Before monotheism cornered the market on faith, the relationship between things we didn’t understand and the gods we worshiped were pleasantly direct. You had gods of oceans, gods of war, gods of beauty, storms, death, fertility, etc. So — if the river didn’t swell at the appointed time and your crops withered, you didn’t have to worry much about the mechanics of that cataclysm. You had a god to blame, or curse, or beseech.
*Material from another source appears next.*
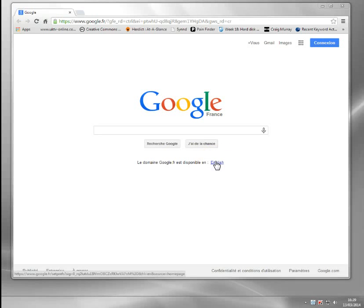Hi, in this video I'm going to show you how you can watch iPlayer abroad. This is the BBC iPlayer application which contains all their programs, so you can watch stuff like the news, Match of the Day, and anything really. They put most of their stuff out on the BBC iPlayer application. I'm currently in France, so I'm going to show you the problem and how to fix it with BBC iPlayer.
And — far more importantly — you didn’t have to face the pitiless amorality of a world that lets things like that happen. When that ancient ruined farmer asked why the river decided to lie fallow a year, I’m pretty sure it would have been easier for him to believe that he’d displeased the river god Hapi. because the alternative is that it happened for no reason at all. The notion of existential meaninglessness is far more terrifying than the anger of invented gods. Gods have intelligence, and will. If they’re good, they can be appeased. If they’re bad, they can be opposed. Either way, you can do something about it. We’re just not equipped to deal with the notion of a giant void of intent at the core of the universe — this well of uncaring absence that we live in isn’t something we can fight, much less defeat. There’s nothing to fight. It’s like declaring war on rain. What good can it possibly do?
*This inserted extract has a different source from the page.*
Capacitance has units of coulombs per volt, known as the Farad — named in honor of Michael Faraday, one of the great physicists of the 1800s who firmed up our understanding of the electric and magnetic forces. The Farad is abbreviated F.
Anyway — eventually, the welter of targeted, domain-specific gods (shallow abstractions, all) collapsed into a series of one true gods. And then those monolithic gods began to experience their own, internal contractions, as the puny hu-mans they oversaw began to figure out the whats of their world. We don’t need a god to explain eclipses anymore. We know what makes the ground shake, and we understand that bolts of lightning are massive discharges of static electricity, not divine javelins. Religion is fighting desperately against this encroachment of rational thought into its domain, but it’s a losing battle.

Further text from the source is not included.